Morgan saw a shiny metal object, half-obscured by a fallen body. He bent down to pick it up. It was a digital camera, lightly smudged with blood. He fumbled with the thick rubber gloves, but managed to turn the gadget on and open the saved pictures. There were a number of photographs that had plainly been taken in that same apartment, in the nighttime. Pictures of the party.
“Hey, Peter,” he said. “Help me out with this.”
Together, they identified each body with the picture. They had to use the clothing in a lot of cases, because the faces had been so badly scratched that they couldn’t make out any of the features.
“We’re missing this guy,” said Morgan, pointing at a picture of a man who looked to be in his late thirties, wearing a popped collar and making a party face.
“Are you sure?” asked Conley.
“He’s not here,” said Morgan. “Check for yourself.” Conley examined each of the corpses carefully. “You’re right,” he said. “No sign of him.” He turned to one of the Brazilian investigators and had a quick exchange. “He says there was no one else,” Conley told Morgan. “They combed the entire building for stragglers. If he left this apartment, it was before the carnage.”
“Well, we got our lead,” said Morgan.
They went back down to the lower floor. With difficulty, Morgan removed the tiny memory chip from the camera and set it apart to be sterilized. Then, dripping sweat, Morgan removed the biohazard suit. He got the clean chip and pulled out the tablet he’d brought with him, then inserted the chip.

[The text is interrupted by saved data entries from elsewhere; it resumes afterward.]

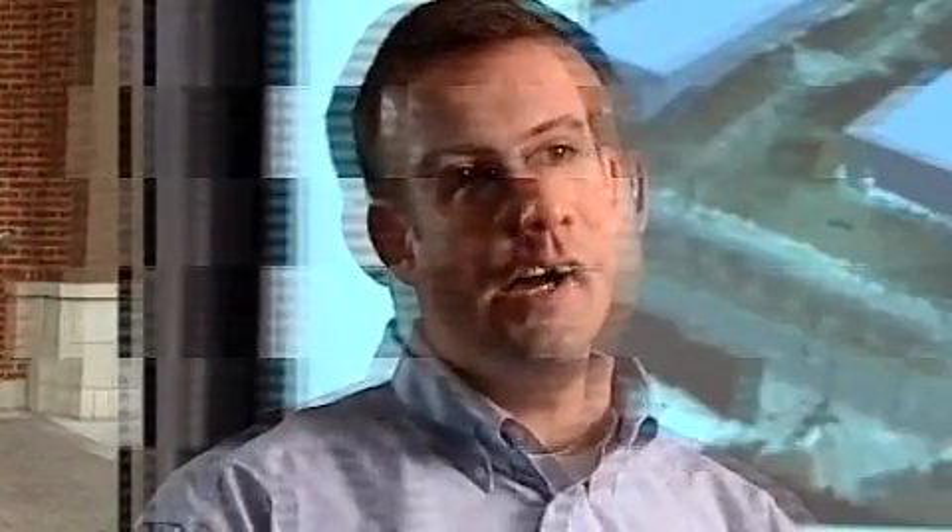At Central Piedmont Community College we offer students an exciting opportunity to be able to work hands-on with the technology that they're going to be using in the workforce.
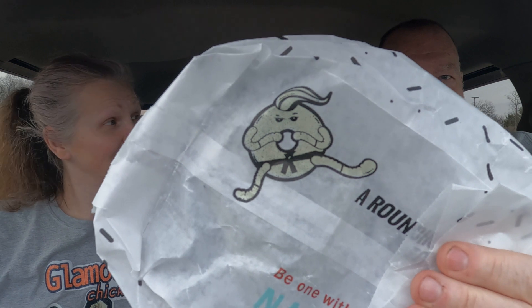See him? He's a little karate dude doing donut karate. I've never even looked at the bag that close before. They have this like a donut shop — it's like a whole big case of donuts and they're usually pretty good.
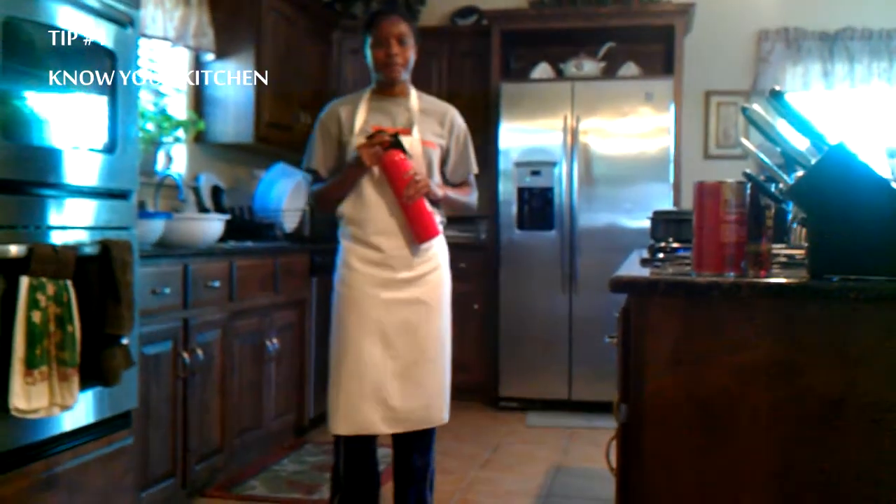Tip number one: know your kitchen. Now I know this seems kind of obvious, but a lot of people slip up in times of emergency when they need to locate and find things that could be useful to them — for example, fire extinguishers.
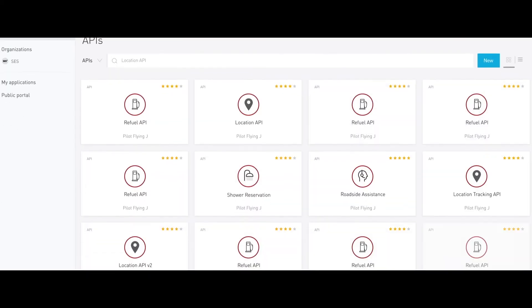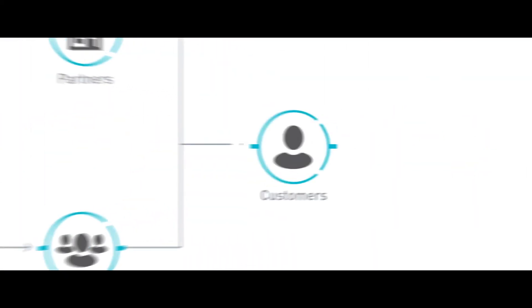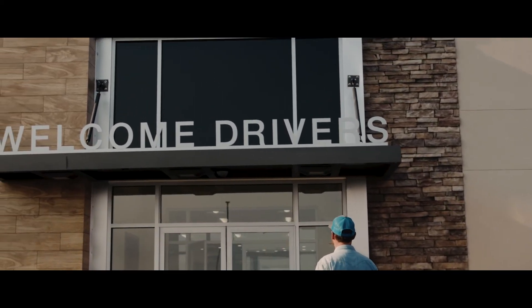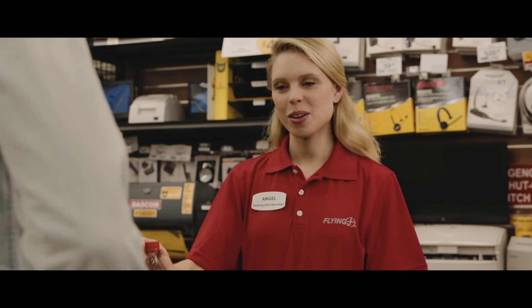We have a location API that is in use with partners and guests today, and customers that we will reuse for our mobile app, for a customer portal, for a loyalty portal, and a lot of other properties.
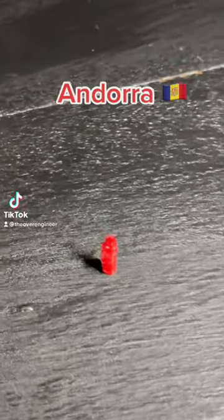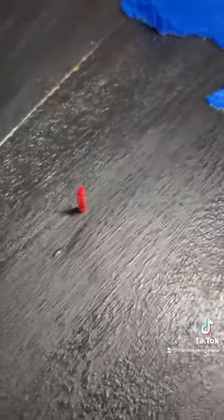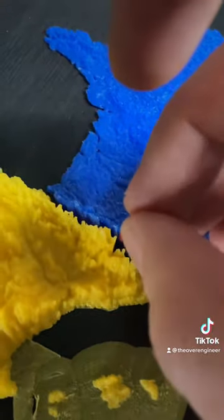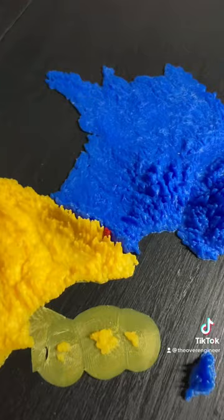Welcome back to Print the World. This vertical piece here is actually a country — it's called Andorra. It really is that small; it fits in that hole in between France and Spain. It makes sense that it's that tall because it's right smack dab in the middle of the Pyrenees mountains.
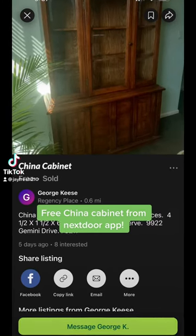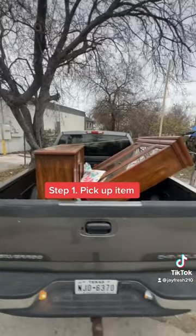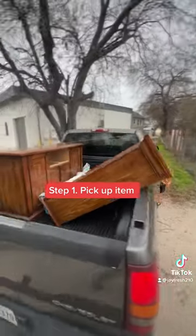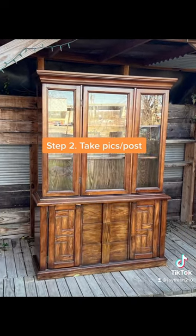Here's a free china cabinet that I picked up from the Nextdoor app. I went ahead and picked it up in my truck — it was already in really good condition — so all I did was take a few photos of it and repost it to Facebook Marketplace.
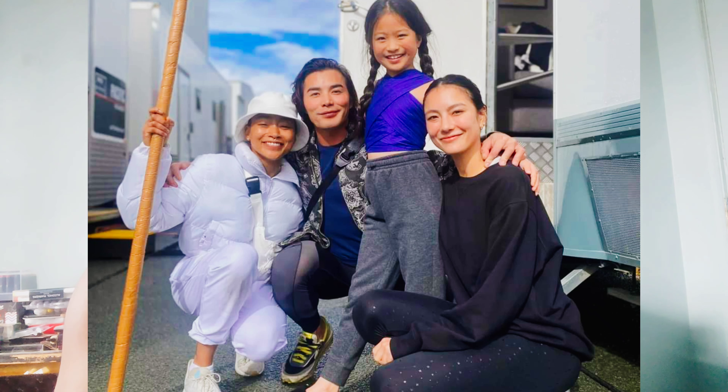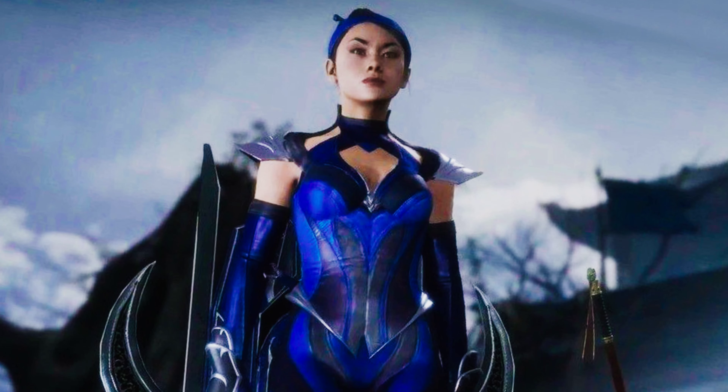If we see this costume on young Katana, can you imagine the adult Katana wearing the same costume but with some minor tweaks? Not only that, but I feel like I'm getting Mortal Kombat 11 vibes from it just from the design alone.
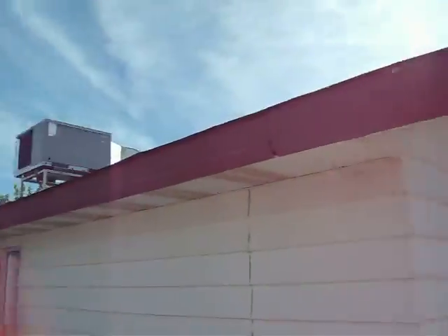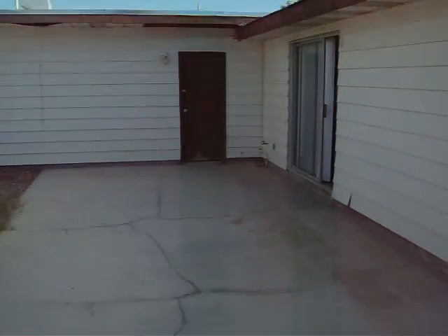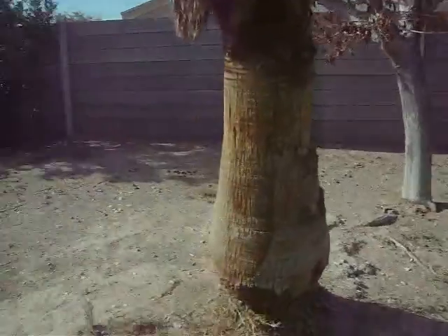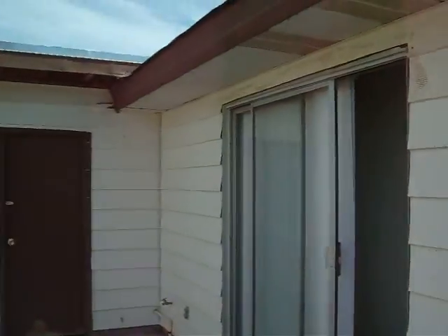4111 Cala Mesa. Air conditioners there on top. Need a little work on the fence, but overall not too bad. Maybe paint the outside.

“Now we only need to find this guy in a city of six million. Do they have any kind of image database? Drivers’ licenses, something like that?”
“I was actually thinking something a little lower tech.”
“What?” Morgan asked, pulling on his shirt.
“You’d be surprised at what doormen know about the people who live in and frequent their buildings.”
They went down to the lobby together. The doorman was being kept in quarantine in a rec room. He looked pale and on edge, but he seemed friendly enough when Conley approached him. Conley showed him the image of the missing guest on the tablet, and they had a quick exchange. Then Conley walked back to Morgan.
“I have a name. Rodrigo Bezerra. I’m calling it in. We should have an address in a few minutes.”